Water, Give it a go!

I get asked more about the right way to drink whisky in terms of the use of water than pretty much anything else in my job. It happens a lot and causes big debates but there is no right or wrong way and there are no definitive rules. It is all about you and how you feel!

A prime example of this for me is Bowmore’s Tempest expressions.  All first fill bourbon matured, all 10 years old and all cask strength but all very different. When you add water to them they all become very different again. Let’s take the latest one, Tempest 4 as an example of how this whisky changes with and without water.


All four releases of Tempest in one place is a rare sight!

Initially on the nose remembering this is cask strength (55.1% ABV), minty and fresh, saltiness, vanilla and zesty citrus with a balance of that Bowmore smoke. Wonderfully Bowmore and all the ex-American bourbon cask flavours are there combined with the Bowmore house style.

Again when you taste, I take a small sip and move it around the mouth almost to make my mouth aware of the strength. The second sip I get some of the tastes coming through, but still plenty of alcohol. This whisky has great sweetness and plenty of vanilla and lemon citrus tang with that sea saltiness on the side of the tongue. Also I find a slight peppery spiciness and that wispy Bowmore smokiness coming through at the back. It finishes with a strong warming finish you would expect for a cask strength whisky with those first fill American white Oak aromas abound.

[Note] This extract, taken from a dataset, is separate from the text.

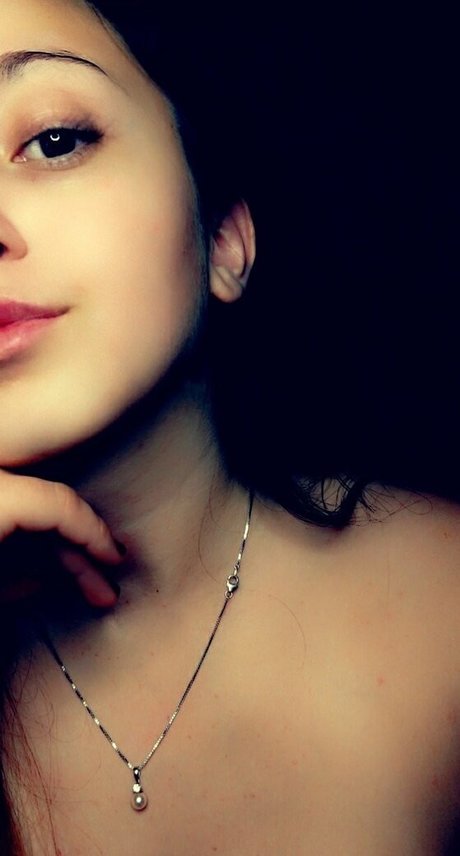 Foto desnuda filtrada de OnlyFans de Lewdicorndlc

With water, this whisky changes and when I add a few drops the first thing that becomes clear is the aromas on the nose seem much more apparent. The sweetness seems more intense on the nose and smokiness, but possibly a little more woody and oak spice aromas coming from those casks.

When you taste, I am struck by the seemingly more intense sweetness at the front of the tongue and then the creamy mouth feel becomes hugely appealing. The sweetness of the whisky comes through bringing the lush flavours of the bourbon casks with lemon opal fruits and vanilla cream combined with that sea salt tang but then the smokiness reappears stronger on the palate towards the end.  The finish is mellow but complex with those balanced flavours lingering on.

It is an incredible whisky which then becomes hugely different with water. Sometimes I drink it straight, sometimes with water but also sometimes I drink the first half without water and the remainder of my dram with water. It depends on so many things!

For the purpose of water and whisky, I also wanted to get the objective of a man I know well and someone who is well qualified to talk about the addition of water and whisky. He is continually tasting whisky for the Whisky Magazine and also he is the organiser of the World Whiskies Awards which are awarded every March. Rob Allanson is a good friend and former colleague has been editing Whisky Magazine for 6 years.

Rob allanson

"Water is one of those wonderfully contentious issues. How many times have you been in a bar and been told: "You cannae add water to that sonny, sacrilege." Rubbish! Water has this great effect on whisky where by it opens up all those flavour chains, both on the nose and the palate. If the water issue comes up in a masterclass I would normally slowly pour some into a cask strength number to show off those whorls. Why would you not add water when you are missing out on all these extra dimensions. Water softens and mellows, but it also reveals. Add water to high strength whiskies and it's incredible what the alcohol can mask; both in good ways, revealing more layers and complexities; and some times bad, off notes.

"So it is ok to add water to your whiskies...in fact I would encourage it. Go on..."  

So there you are…………give it a try……..it is only water!!